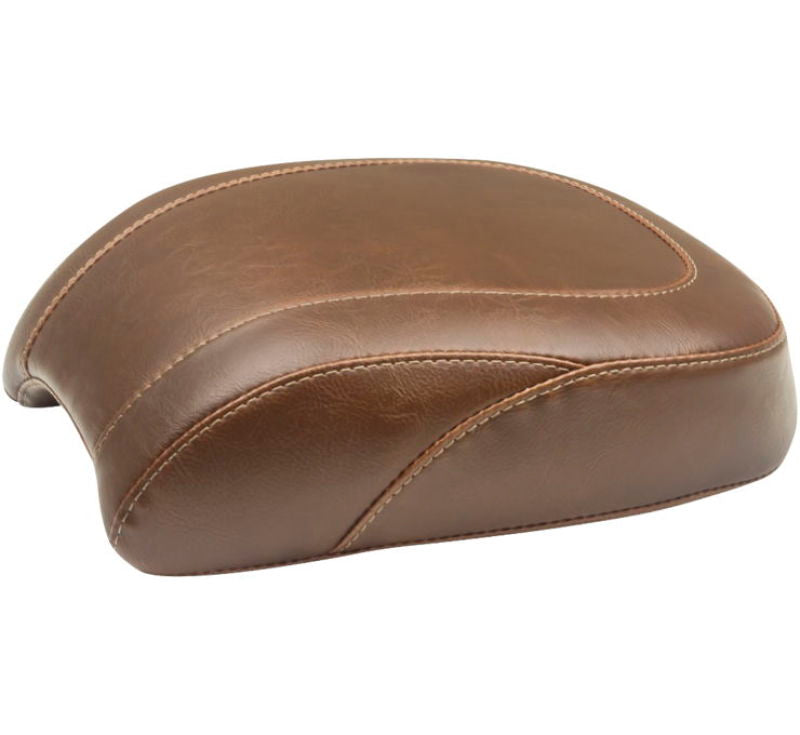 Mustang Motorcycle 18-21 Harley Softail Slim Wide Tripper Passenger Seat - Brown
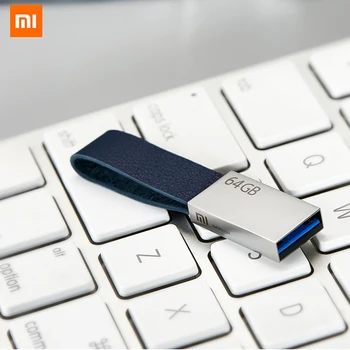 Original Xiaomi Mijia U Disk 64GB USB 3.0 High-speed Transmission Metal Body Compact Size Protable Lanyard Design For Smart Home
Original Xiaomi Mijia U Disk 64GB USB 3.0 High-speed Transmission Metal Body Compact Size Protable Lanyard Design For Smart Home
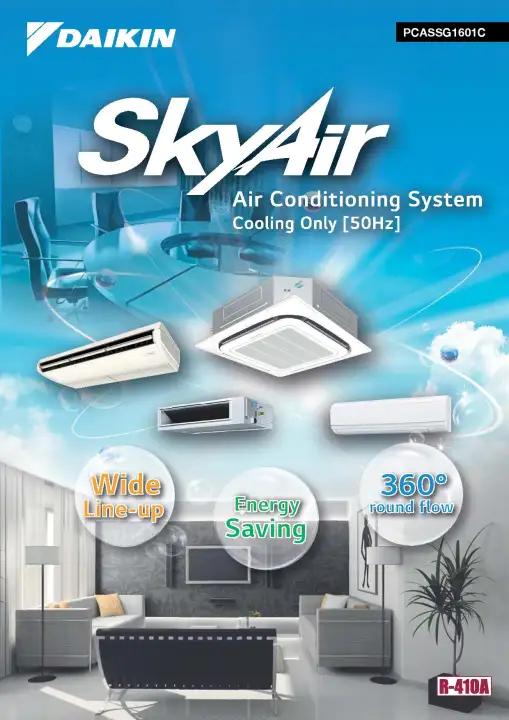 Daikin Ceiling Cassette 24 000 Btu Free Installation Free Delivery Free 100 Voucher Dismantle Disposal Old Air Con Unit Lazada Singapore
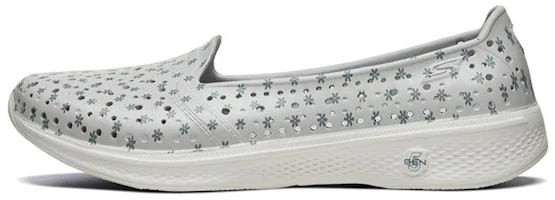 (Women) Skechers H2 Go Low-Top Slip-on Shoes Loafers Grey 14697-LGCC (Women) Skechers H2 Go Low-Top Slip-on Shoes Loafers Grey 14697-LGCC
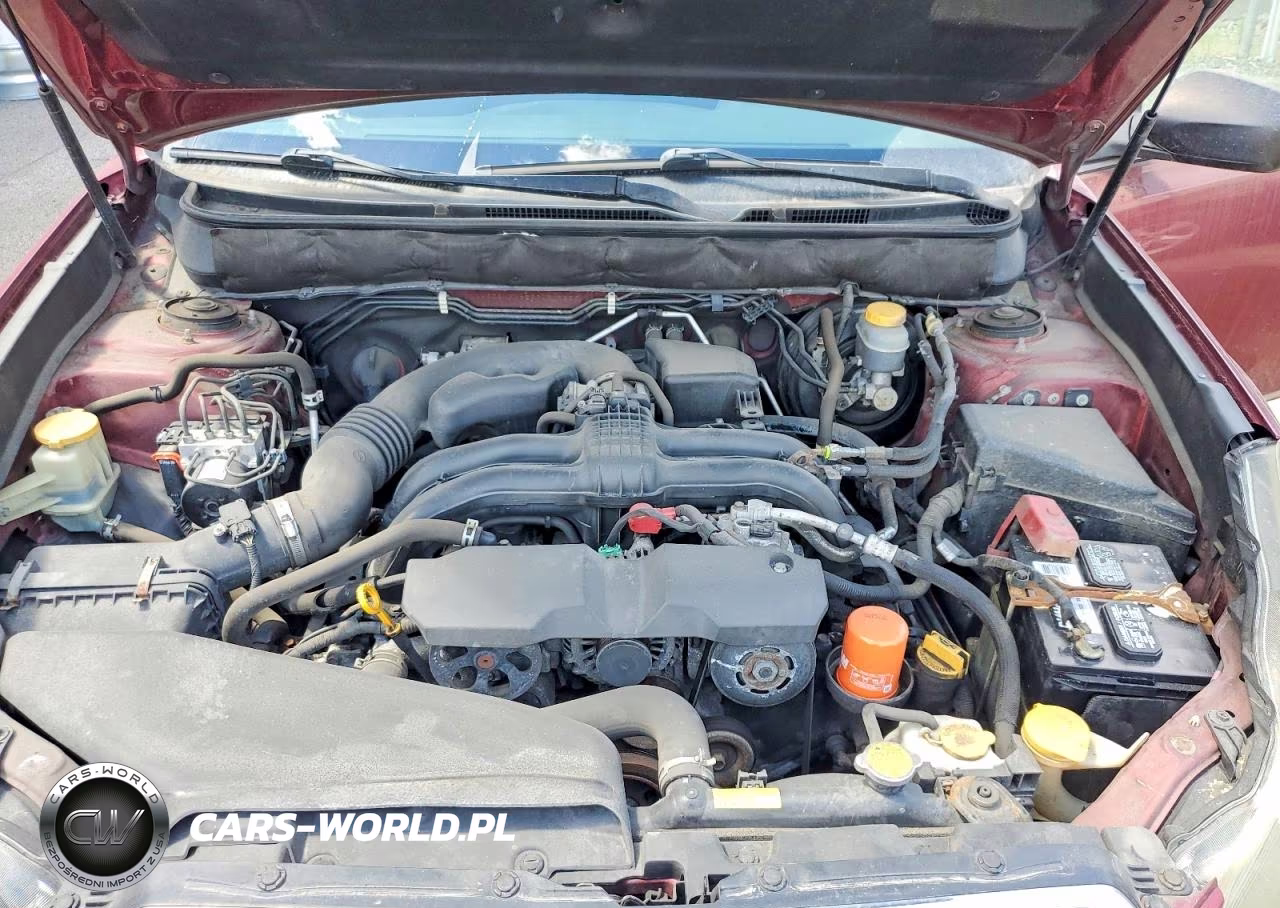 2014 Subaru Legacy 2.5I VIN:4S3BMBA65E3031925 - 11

**WHAT IS REQUIRED**:
Output the entries verbatim, skipping images.

**RESULT OF THE EXERCISE**:
 Mustang Motorcycle 18-21 Harley Softail Slim Wide Tripper Passenger Seat - Brown
 Original Xiaomi Mijia U Disk 64GB USB 3.0 High-speed Transmission Metal Body Compact Size Protable Lanyard Design For Smart Home
Original Xiaomi Mijia U Disk 64GB USB 3.0 High-speed Transmission Metal Body Compact Size Protable Lanyard Design For Smart Home
 Daikin Ceiling Cassette 24 000 Btu Free Installation Free Delivery Free 100 Voucher Dismantle Disposal Old Air Con Unit Lazada Singapore
 (Women) Skechers H2 Go Low-Top Slip-on Shoes Loafers Grey 14697-LGCC (Women) Skechers H2 Go Low-Top Slip-on Shoes Loafers Grey 14697-LGCC
 2014 Subaru Legacy 2.5I VIN:4S3BMBA65E3031925 - 11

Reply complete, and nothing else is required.